Friday, June 8, 2012

When you write and contemplate long enough, you find answers you never knew you knew.

Images of Media distort my expectations of life.

Expectations of my body, my relationships, my family; those "big" moments like my sweet sixteen, prom, graduation, high school, college. Media messes with everything.
I'm horrifically skewed compared to society's image. I tower over others at the abnormal female height of six feet. My curly, kinky hair likes to rebel against me daily. Shopping for shoes is not particularly fun. My nose is hideously large. The list goes on and on and on...
My family communicates by yelling at each other. We don't have tender heart-to-heart moments. We piss each other off and eat dinner in our separate rooms. I'm 19 and have yet to have a boyfriend, Let alone go on a date or have my lip virginity taken. My sweet sixteen was spent mostly with family. It instead showed me just how few friends I had. Graduation fizzled in awkwardness after I said goodbye to those few important friends and went home. My first year of college was not spent in a haze of booze and drugs and partying and wild dancing. It was more spent in awkward talks between acquaintances. And trying to figure out how to get my shit together (failing unsuccessfully).

But the one thing that Media truly fucked up was my image of the all-important best friend.

What exactly is a best friend?

Media portrays it to a be the one person who understands you, who will be there for you in your times of need. They are often seen as the person you spent all your childhood with. They just so happen to live a few houses away from you. You see them every single day and converse with them even more frequently. You share your experiences, secrets, fears, hopes, and dreams with them. Your family knows them and accepts them as if they were part of the family. They're that person with whom your bond transcends blood (unless, I guess, your best friend is your twin). You grow together with them. And after number of sleep overs and fights, there comes a certain point when you don't even have to say anything to them to be understood. Just a look will do. A point when your conversations are about stupid, pointless stuff because you feel comfortable around them. Because you trust them with everything that's important to you, including the many random thoughts. You trust and value their opinion. You admire them in a way. That's a best friend in Media's eyes.
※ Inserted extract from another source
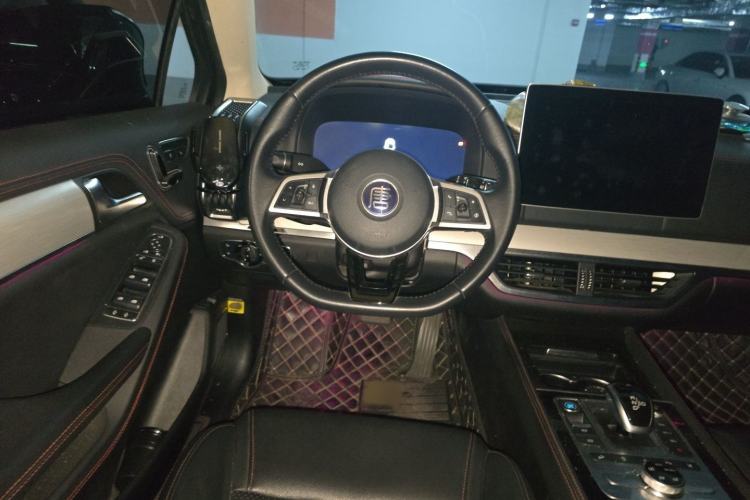 Used BYD Tang New Energy 2018 DM 2.0T All-Wheel Drive Smart Connectivity Luxury Model 7 Seats China V Emission Standard Steering Wheel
And that is why it's marred for me.
I should know not to look to sitcom shows and movies for any ideas about real life, but over years of collected television time the impression of a best friend stuck with me. Sure, some of those things are true (or should be), but not every "best-friendship" is the same.
I'm not really sure how mine works. There are definitely some things that I wish I could change about it. Then I realize that my expectations are way out there. In the end I guess it should be about comfort and trust. And it should go both ways. No part about the relationship should be one-sided.

This gets me thinking about the past and present - and the future too. Essentially doubts and insecurities spawn these thoughts. Because communication has ceased. Actually, now that I think about it, this is pretty much exactly what happened with Blake. Communication stopped, we grew apart, then finally we broke.

Everything connects. One thing happens because of something else. One event creates fear in another similar one. It all makes sense.